Using TensorFlow backend.


In [None]:
model = Sequential()
model.add(Dense(242,input_dim=239, activation='relu'))
model.add(Dropout(0.2))
model.add(Dense(256, activation='relu'))
model.add(Dropout(0.25))
model.add(Dense(128, activation='relu'))
model.add(Dropout(0.25))
model.add(Dense(64, activation='relu'))
model.add(Dropout(0.5))
model.add(Dense(1, activation='sigmoid'))

In [None]:
model.summary()

_________________________________________________________________
Layer (type)                 Output Shape              Param #   
dense_1 (Dense)              (None, 242)               58080     
_________________________________________________________________
dropout_1 (Dropout)          (None, 242)               0         
_________________________________________________________________
dense_2 (Dense)              (None, 256)               62208     
_________________________________________________________________
dropout_2 (Dropout)          (None, 256)               0         
_________________________________________________________________
dense_3 (Dense)              (None, 128)               32896     
_________________________________________________________________
dropout_3 (Dropout)          (None, 128)               0         
_________________________________________________________________
dense_4 (Dense)              (None, 64)                8256      
__________

The above is our model summary. It shows number of neurons, number of parameters and lots of other information about the network, that we have built above. 

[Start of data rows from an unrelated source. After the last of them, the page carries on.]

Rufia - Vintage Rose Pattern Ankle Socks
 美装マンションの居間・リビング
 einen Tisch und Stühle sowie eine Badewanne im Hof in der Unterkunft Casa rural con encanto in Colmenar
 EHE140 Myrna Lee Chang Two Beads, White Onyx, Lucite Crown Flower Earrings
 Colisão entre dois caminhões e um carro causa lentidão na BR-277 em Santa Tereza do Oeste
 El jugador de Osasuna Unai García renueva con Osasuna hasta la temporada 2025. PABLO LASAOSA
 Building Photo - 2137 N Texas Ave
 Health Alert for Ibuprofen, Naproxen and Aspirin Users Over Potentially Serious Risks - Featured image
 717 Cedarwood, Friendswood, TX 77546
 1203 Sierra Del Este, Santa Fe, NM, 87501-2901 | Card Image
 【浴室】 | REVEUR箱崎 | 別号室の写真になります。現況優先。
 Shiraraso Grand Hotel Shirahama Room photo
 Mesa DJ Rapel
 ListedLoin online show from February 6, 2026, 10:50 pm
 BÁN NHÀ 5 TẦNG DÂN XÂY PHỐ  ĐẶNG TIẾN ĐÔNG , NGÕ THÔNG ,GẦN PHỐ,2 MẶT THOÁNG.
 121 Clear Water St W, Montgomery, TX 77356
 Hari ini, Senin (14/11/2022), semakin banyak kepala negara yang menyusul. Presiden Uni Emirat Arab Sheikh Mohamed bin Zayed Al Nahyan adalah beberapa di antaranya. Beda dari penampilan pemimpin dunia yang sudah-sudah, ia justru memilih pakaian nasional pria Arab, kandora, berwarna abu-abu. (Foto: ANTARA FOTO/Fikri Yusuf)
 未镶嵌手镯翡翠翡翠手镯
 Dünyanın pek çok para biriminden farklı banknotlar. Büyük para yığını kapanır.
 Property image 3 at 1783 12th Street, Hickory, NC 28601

For training we are using `Adam Optimizer`, which is considered best optimizer for neural networks. 

In [None]:
model.compile(loss='binary_crossentropy', optimizer='adam', metrics=['accuracy'])

Instructions for updating:
keep_dims is deprecated, use keepdims instead


In [None]:
model.fit(X_train, y_train, epochs=10, batch_size=64)

Epoch 1/10
Epoch 2/10
Epoch 3/10
Epoch 4/10
Epoch 5/10
Epoch 6/10
Epoch 7/10
Epoch 8/10
Epoch 9/10
Epoch 10/10


<keras.callbacks.History at 0x7f919df2b6d8>

In [None]:
evl = model.evaluate(X_test, y_test)



In [None]:
print("Accuracy of simple Neural network is", evl[1])

Accuracy of simple Neural network is 0.919532380520715


We are getting more or less same accuracy for this model as well. The problem of credit risk can be solved and banks can get their loand payed back by customer, if we already know that the customer is going to payback the loan or not in advance. Though, we can not model the human behaiour using algorithms for all time, so there can be such cases where the model or algorithm fails to predict the correct behaviour of customer.